Suministradores
Las pequeñas editoriales no apelan tanto al mercado como a una pequeña comunidad de la que se sienten agentes y partícipes
12 julio, 2021 09:54Recordaba en mi anterior columna a Auguste Poulet Malassis, el editor de Las flores del mal, paradigma de editor abnegado y entusiasta, capaz de arriesgarlo todo por promover la obra y el autor a los que admira. Su relación con Baudelaire brinda un emocionante testimonio de incondicionalidad, en el que amistad y clarividencia se potencian mutuamente. Admitió sin resentimiento que, hacia el final de su vida, Baudelaire quisiera confiar a Michel Lévy, uno de los editores hegemónicos de la época, la publicación de sus Obras completas. Y a la muerte del poeta, él mismo, haciendo de tripas corazón, empleó todos los medios a su alcance para que esa voluntad se cumpliera. Y eso que su opinión sobre Lévy no era precisamente buena, y tuvo que aguantar que éste se negara en redondo a concederle ninguna compensación.
Como escriben Claude Pichois y Jean Ziegler hacia el final de su monumental biografía de Baudelaire (publicada originalmente en 1987 y editada en español por Edición Alfons el Magnánim, en 1989), “no podemos dejar de recordar que muchísimos pequeños editores descubrieron a muchísimos grandes escritores, y se vieron privados luego –o por fin– de su descubrimiento, a menudo en interés del autor que habían descubierto. Las dos ediciones fiables de Las flores del mal aparecieron en la editorial de Poulet-Malassis. Nadie podrá negar que la obra maestra de la poesía francesa moderna nació en la casa de un editor por todos los conceptos revolucionario, quebrado, exiliado, pobre y noble; noble hasta el extremo de regalarle como limosna a Michel Lévy los derechos que tenía sobre parte de la obra de Baudelaire. Cuando Baudelaire señalaba a Lévy como editor de sus obras, obraba a favor de su obra: Malassis se conformó con ese deseo, que manaba del egoísmo sagrado del artista, que no tiene en cuenta –no debe sin duda tener en cuenta– la gratitud o, en su doble sentido, el reconocimiento”.
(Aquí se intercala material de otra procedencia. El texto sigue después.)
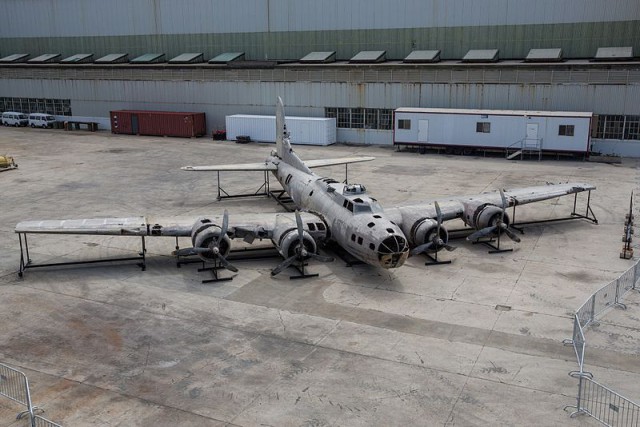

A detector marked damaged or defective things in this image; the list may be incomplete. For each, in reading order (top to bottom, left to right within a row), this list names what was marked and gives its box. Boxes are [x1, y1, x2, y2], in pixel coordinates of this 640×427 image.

cracked concrete ground [1, 126, 640, 424]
Las pequeñas editoriales no apelan tanto al mercado como a una pequeña comunidad de la que se sienten agentes y partícipes
Aunque algo subidas de tono, estas palabras inciden resueltamente en lo que no deja de constituir una realidad sangrante del campo editorial (como de otros muchos): la dinámica, tan penosa como comprensible, que hace que los pequeños editores sean frecuentemente “traicionados” por los mismos autores que dieron a conocer. Cuando tienen la oportunidad, éstos no tardan en pasarse con armas y bagajes –y qué otra cosa cabe esperar– a la editorial que no sólo les ofrece más dinero, sino también más recursos para divulgar su obra y procurarle notoriedad. Apenas unas pocas y admirables excepciones contradicen esta dinámica que muchos traducen incorrectamente en términos de “saqueo” de los pequeños editores por parte de los grandes.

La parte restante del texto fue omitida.